> [Material shown]:
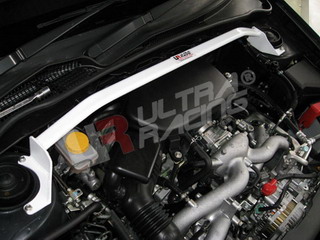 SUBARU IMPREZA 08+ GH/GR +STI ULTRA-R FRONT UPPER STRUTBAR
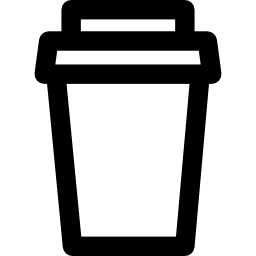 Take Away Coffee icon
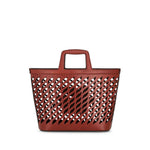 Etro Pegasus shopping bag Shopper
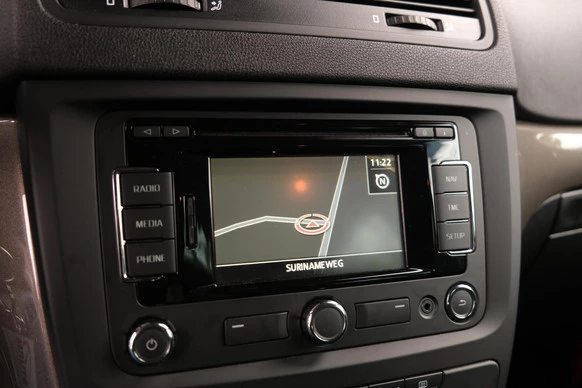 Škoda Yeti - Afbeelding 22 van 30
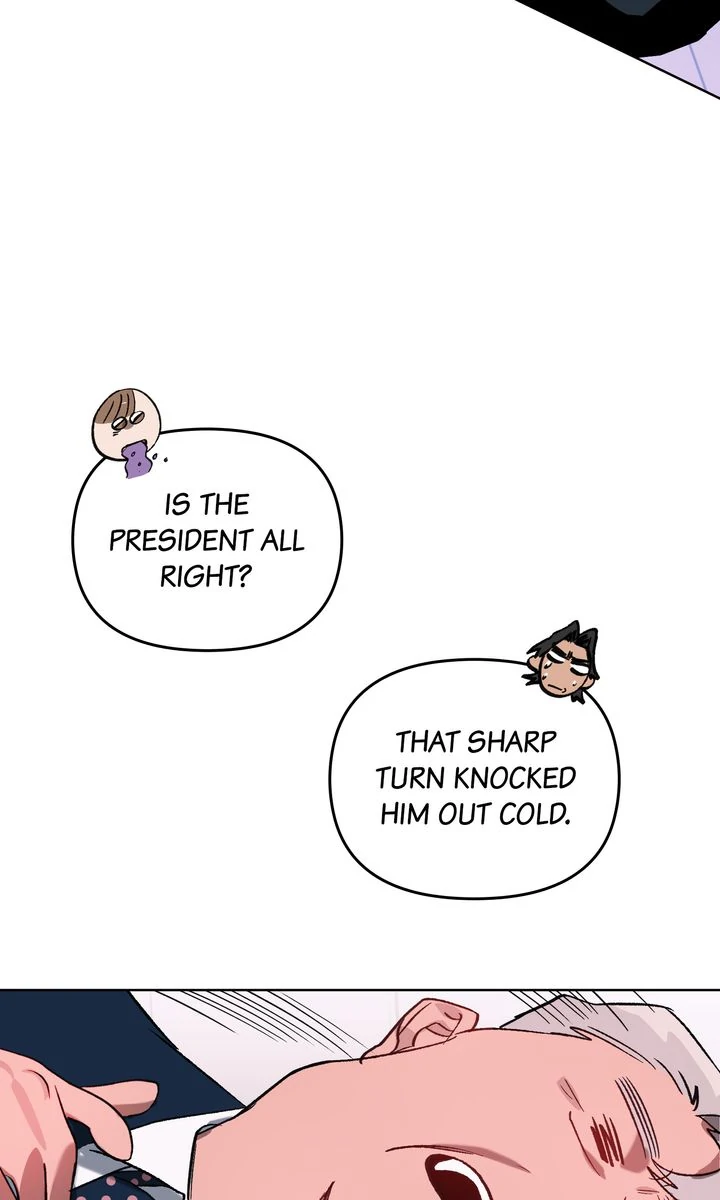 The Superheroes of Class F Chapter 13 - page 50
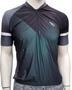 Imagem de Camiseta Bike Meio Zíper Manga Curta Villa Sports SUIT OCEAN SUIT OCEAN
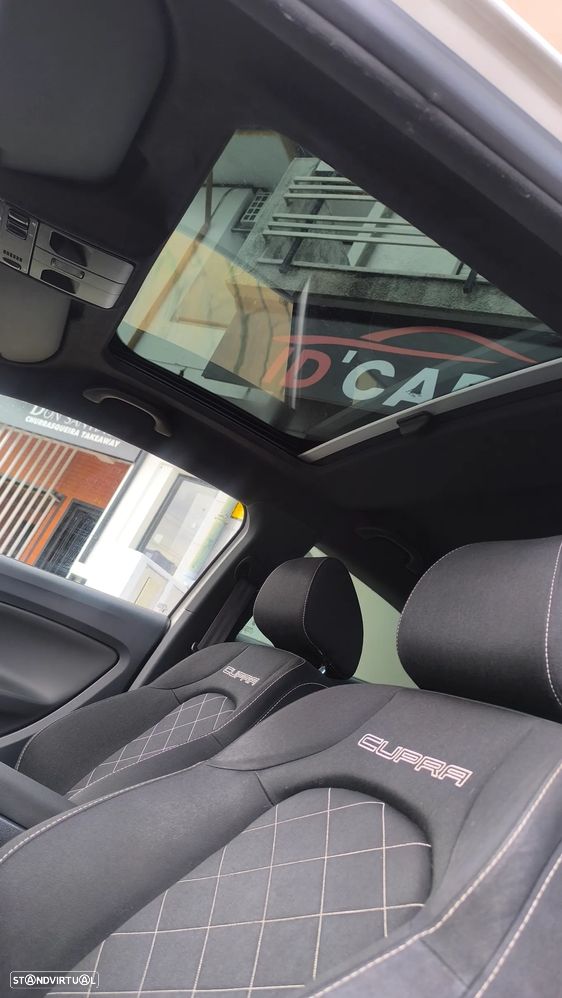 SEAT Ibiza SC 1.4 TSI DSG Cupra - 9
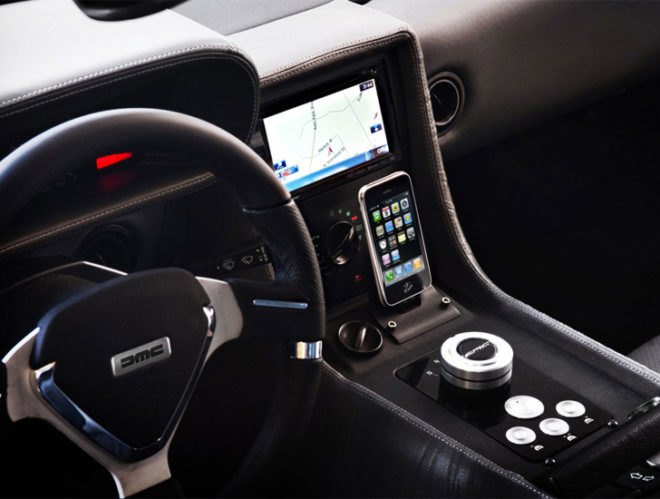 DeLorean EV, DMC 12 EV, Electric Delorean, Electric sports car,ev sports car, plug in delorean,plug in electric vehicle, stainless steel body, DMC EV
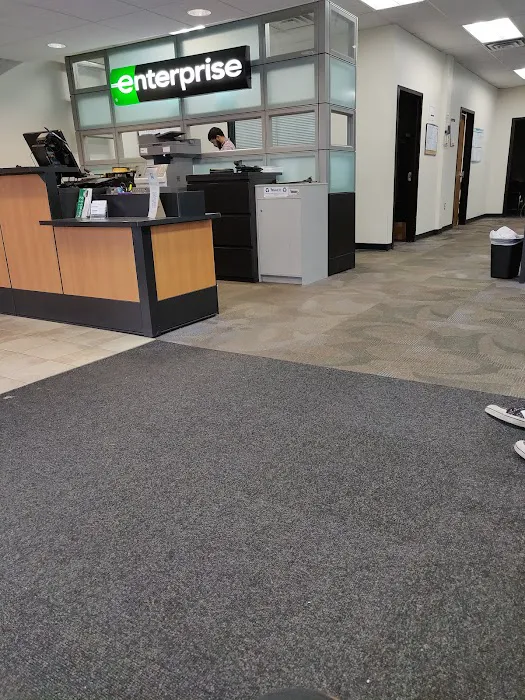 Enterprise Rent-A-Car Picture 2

> [Problem to solve]: Exactly the lines from the one with "SEAT Ibiza SC 1.4 TSI DSG Cupra - 9" to the last line of the listing are wanted, both ends included and pictures excluded.

> [Exercise answer]:
 SEAT Ibiza SC 1.4 TSI DSG Cupra - 9
 DeLorean EV, DMC 12 EV, Electric Delorean, Electric sports car,ev sports car, plug in delorean,plug in electric vehicle, stainless steel body, DMC EV
 Enterprise Rent-A-Car Picture 2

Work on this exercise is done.